REQUIREMENT >> Reproduce the section of the listing that begins at the line containing "Snakes and Other Reptiles - Santos" and finishes at the line containing "Trademark Logo SNAP-ON MASTERS OF METAL TOUR". Include both end lines and nothing beyond them.
+++ ENTRIES SUPPLIED
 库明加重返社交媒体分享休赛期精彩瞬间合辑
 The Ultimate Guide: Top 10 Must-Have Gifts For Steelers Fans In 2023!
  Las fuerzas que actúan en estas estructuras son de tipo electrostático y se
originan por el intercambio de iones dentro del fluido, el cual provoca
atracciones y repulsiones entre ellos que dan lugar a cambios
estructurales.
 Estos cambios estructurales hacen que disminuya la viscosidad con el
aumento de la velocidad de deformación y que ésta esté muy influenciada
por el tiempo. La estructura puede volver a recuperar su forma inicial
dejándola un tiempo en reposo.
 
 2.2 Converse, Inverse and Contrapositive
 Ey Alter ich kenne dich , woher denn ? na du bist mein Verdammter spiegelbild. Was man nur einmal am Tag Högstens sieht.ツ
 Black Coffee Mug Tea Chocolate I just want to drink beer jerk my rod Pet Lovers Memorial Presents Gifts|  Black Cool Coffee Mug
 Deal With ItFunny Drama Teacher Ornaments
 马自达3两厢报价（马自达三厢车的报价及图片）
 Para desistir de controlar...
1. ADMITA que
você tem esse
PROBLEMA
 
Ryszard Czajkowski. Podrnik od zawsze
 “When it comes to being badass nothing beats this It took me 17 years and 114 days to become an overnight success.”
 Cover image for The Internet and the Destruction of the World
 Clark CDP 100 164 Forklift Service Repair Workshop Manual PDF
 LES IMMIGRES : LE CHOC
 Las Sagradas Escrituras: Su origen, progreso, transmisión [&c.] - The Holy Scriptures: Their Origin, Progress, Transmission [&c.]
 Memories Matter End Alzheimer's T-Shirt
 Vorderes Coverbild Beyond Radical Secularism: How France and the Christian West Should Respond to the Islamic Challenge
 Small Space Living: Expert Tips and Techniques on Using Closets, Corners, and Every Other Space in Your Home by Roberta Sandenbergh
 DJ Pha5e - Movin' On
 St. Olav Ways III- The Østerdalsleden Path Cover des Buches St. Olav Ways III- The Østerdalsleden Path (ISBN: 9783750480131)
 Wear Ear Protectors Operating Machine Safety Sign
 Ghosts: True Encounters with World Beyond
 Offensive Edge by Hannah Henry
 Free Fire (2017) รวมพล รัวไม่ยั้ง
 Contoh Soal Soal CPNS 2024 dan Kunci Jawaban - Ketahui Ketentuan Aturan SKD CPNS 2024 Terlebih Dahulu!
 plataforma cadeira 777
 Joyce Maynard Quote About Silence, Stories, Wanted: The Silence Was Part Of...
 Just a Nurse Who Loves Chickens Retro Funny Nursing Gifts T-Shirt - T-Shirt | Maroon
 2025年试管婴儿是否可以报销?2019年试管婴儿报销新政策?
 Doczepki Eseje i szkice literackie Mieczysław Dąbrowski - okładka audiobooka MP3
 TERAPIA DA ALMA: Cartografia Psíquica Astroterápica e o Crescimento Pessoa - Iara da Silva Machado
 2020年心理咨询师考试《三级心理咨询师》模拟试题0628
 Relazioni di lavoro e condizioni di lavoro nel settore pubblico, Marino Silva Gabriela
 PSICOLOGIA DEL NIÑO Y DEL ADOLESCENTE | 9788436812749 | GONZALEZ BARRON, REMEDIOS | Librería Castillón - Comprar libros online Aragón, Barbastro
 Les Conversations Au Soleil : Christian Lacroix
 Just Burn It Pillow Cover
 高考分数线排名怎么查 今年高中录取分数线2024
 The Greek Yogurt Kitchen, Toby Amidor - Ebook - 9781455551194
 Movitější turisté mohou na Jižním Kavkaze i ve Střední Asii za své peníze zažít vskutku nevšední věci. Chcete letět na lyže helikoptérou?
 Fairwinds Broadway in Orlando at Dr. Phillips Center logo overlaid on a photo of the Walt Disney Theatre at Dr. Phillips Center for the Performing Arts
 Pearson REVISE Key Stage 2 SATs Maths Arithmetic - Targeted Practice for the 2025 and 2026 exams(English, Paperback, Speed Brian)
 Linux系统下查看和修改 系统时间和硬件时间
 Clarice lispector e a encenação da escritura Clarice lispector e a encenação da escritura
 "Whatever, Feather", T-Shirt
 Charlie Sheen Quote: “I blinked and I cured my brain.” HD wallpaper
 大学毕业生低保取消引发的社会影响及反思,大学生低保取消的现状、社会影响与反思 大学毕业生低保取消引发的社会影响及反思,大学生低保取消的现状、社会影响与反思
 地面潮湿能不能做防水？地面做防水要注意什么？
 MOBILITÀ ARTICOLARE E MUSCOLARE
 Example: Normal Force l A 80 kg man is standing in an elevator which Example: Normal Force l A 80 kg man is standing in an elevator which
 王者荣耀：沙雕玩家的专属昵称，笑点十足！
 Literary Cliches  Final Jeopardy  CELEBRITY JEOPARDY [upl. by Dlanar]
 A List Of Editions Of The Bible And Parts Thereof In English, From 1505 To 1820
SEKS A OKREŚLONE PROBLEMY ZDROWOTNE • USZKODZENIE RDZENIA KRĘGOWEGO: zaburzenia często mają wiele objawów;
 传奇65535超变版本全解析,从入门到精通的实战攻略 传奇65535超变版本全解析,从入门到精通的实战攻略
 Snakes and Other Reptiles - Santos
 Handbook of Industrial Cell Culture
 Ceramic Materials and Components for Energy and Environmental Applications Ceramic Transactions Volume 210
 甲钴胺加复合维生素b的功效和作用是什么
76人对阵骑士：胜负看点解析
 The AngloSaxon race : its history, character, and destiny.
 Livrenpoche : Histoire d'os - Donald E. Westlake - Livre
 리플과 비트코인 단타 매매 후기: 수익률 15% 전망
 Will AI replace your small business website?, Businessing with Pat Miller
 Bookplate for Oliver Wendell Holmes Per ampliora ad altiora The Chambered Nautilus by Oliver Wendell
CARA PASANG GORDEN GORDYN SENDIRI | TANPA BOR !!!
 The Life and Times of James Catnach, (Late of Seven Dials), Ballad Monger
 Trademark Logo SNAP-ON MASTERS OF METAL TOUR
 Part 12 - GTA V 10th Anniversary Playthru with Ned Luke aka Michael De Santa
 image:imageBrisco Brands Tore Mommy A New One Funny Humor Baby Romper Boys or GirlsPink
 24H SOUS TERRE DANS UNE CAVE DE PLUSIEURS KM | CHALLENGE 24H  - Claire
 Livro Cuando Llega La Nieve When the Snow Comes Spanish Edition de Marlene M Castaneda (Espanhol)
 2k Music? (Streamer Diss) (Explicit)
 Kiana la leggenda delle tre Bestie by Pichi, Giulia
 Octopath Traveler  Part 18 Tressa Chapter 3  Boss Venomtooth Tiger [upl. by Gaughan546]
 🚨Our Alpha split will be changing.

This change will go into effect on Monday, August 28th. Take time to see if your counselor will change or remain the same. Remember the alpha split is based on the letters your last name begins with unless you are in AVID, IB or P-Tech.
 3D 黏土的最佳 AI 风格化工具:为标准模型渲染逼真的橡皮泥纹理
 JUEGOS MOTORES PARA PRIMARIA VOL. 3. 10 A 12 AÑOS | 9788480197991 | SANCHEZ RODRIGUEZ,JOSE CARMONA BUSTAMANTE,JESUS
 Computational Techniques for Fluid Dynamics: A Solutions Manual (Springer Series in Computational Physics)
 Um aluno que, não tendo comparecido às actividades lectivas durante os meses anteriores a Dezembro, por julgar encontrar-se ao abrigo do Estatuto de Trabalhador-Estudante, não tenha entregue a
++++++
OUTPUT OF THE EXERCISE >>
 Snakes and Other Reptiles - Santos
 Handbook of Industrial Cell Culture
 Ceramic Materials and Components for Energy and Environmental Applications Ceramic Transactions Volume 210
 甲钴胺加复合维生素b的功效和作用是什么
76人对阵骑士：胜负看点解析
 The AngloSaxon race : its history, character, and destiny.
 Livrenpoche : Histoire d'os - Donald E. Westlake - Livre
 리플과 비트코인 단타 매매 후기: 수익률 15% 전망
 Will AI replace your small business website?, Businessing with Pat Miller
 Bookplate for Oliver Wendell Holmes Per ampliora ad altiora The Chambered Nautilus by Oliver Wendell
CARA PASANG GORDEN GORDYN SENDIRI | TANPA BOR !!!
 The Life and Times of James Catnach, (Late of Seven Dials), Ballad Monger
 Trademark Logo SNAP-ON MASTERS OF METAL TOUR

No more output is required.